Thursday Morning Sessions (June 27) TMS Logo

About the 1996 Electronic Materials Conference: Thursday Morning Sessions (June 27)



June 26-28, 1996 · 38TH ELECTRONIC MATERIALS CONFERENCE · Santa Barbara, California

Session S: Nondestructive Testing

Session Chairman: F.H. Pollack, Physics Department, and M. Dudley, Dept. of Materials Science & Eng., Brooklyn College of CUNY; Brooklyn, NY 11210. Co-Chairmen: M.S. Goorsky, Department of MS & E, 405 Hilgard Avenue, University of Southern California, Los Angeles, CA 90095-1595

1:30PM, S1 *Invited

"Applications of Synchrotron White Beam X-Ray Topography to the Non-Destructive Characterization of Defect Structures in Semiconductor Crystals:" WEIMIN SI, Michael Dudley, Dept. of Materials Science and Engineering, SUNY at Stony Brook, NY 11794-2275

Applications of Synchrotron White Beam X-ray Topography (SWBXT) in the non-destructive characterization of defect structures (growth and process-induced) in semiconductor crystals are reviewed.
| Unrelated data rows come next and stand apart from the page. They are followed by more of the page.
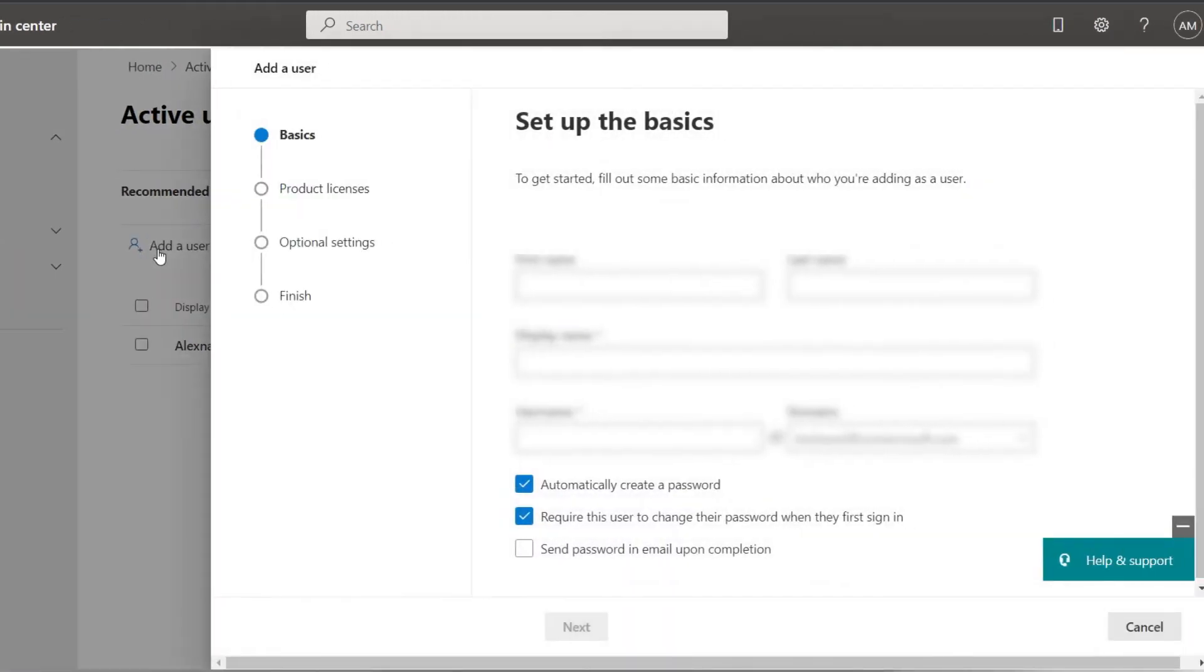We recommend you have at least two users with administrator permissions. If you do not have them yet, it is a good time to create them. To do so, go to the user tab and follow the steps shown in the create user option, then select the user.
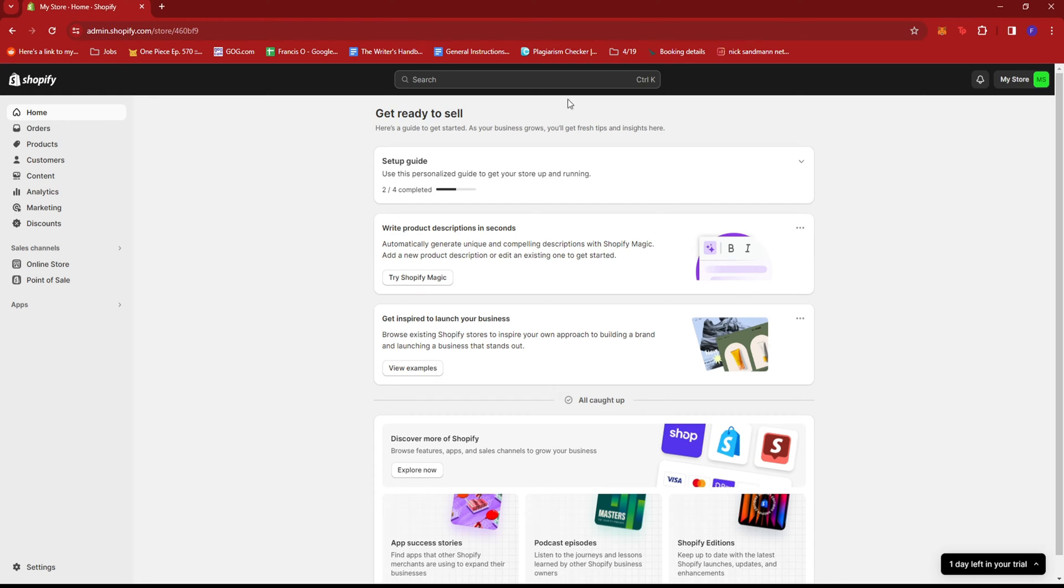Now the first thing you need to do is to head to your Shopify dashboard. Once you're there, just go ahead and click on Settings at the bottom left of the screen.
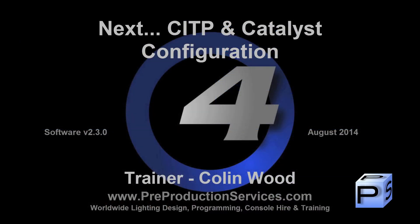In the next tutorial, we will look at CITP and catalyst configuration. Thank you for watching.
The basic principles of the technique, including descriptions of the transmission, reflection, and grazing Bragg-Laue geometries, as well as the fundamentals of contrast theory, will be briefly reviewed. The following applications will be presented and discussed: dislocation generation following RTP processing in Si wafers; interfacial dislocations and slip bands in SiGe strained layers; distribution of dislocations in MBE grown InGaAs strained multilayers; basal plane and superscrew dislocations in SiC wafers; polytype identification and investigation of their depth distribution in SiC epilayers; twin distribution in ZnTe bulk crystals and CdTe homoepitaxial buffer layers; solid-liquid interface shape during bulk crystal growth of InGaAs, GaInSb, and InP crystals; minute strain due to bonding process and electrode deposition in Quartz resonators. Methodologies for analyzing dislocations, twins, stacking faults, precipitates and other crystalline defects will be reviewed.

2:10PM, S2

"Synchrotron White Beam X-ray Topography Characterization of Structural Defects in Liquid Encapsulated Kyropoulos Grown InP Single Crystals:" H. CHUNG, W. Si, M. Dudley, Department of Materials Science and Engineering, SUNY at Stony Brook, NY 11794; A. Anselmo, D.F. Bliss, Rome Laboratory, Hanscom AFB, MA 01731, V. Prasad, Department of Mechanical Engineering, SUNY at Stony Brook, NY 11794

Structural defects in Liquid Encapsulated Kyropoulos (LEK) grown InP single crystals have been studied using Synchrotron White Beam X-ray Topography (SWBXT). Structural defects in both longitudinal and perpendicular cut wafers were systematically studied in order to reveal defect microstructure development in different stages of crystal growth. Slip bands initiated from high stress concentration neck regions were observed to propagate into the interior of the longitudinal cut wafers. Transmission X-ray topographs recorded from perpendicular cut wafers revealed dislocations of well defined four-fold symmetric distributions. In order to investigate the formation of this four-fold symmetric pattern, a thermal stress model composed of uniformly distributed, radially compressive hoop stress was introduced. Stress calculations revealed a four-fold thermal stress distribution. Maximum stresses were concentrated in the <100> directions while minimum stresses were induced in the <110> directions. The calculated results are consistent with our experimental observations. In addition, our studies revealed that the distribution and density of dislocations and precipitates changes with the different stages of crystal growth. High density, uniformity distributed dislocations and precipitates were observed in the initial and final stages of crystal growth. Other defects such as small angle tilt boundaries, precipitates and twins were also observed. The formation of these structural defects will be discussed.

2:30PM, S3+

"Spatial Characterization of Cadmium Zinc Telluride Radiation Detector Crystals:" H.YOON, J.M. Van Scyoc, M.S. Goorsky, J.C. Lund, M.S. Schieber, R.B. James, F.P. Doty, University of California, 405 Hilgard Avenue, Los Angeles, CA 90095-1595; Sandia National Laboratories, PO Box 5800, Livermore, CA 94551-0969; Digirad, San Diego, CA 92121-2410

Cadmium Zinc Telluride (Cd1-xZnxTe or CZT) is a semiconductor that has experienced rapid development since its first use as a nuclear radiation detector in 1992. However, CZT detectors, particularly as they are made larger, are still limited by the poor transport properties of the holes and the non-uniformities of the material. Large crystals are required not only for fabricating large volume detectors with high sensitivity to high energy gamma photons, but also for large area imaging detectors, which are becoming an increasingly important application of these devices.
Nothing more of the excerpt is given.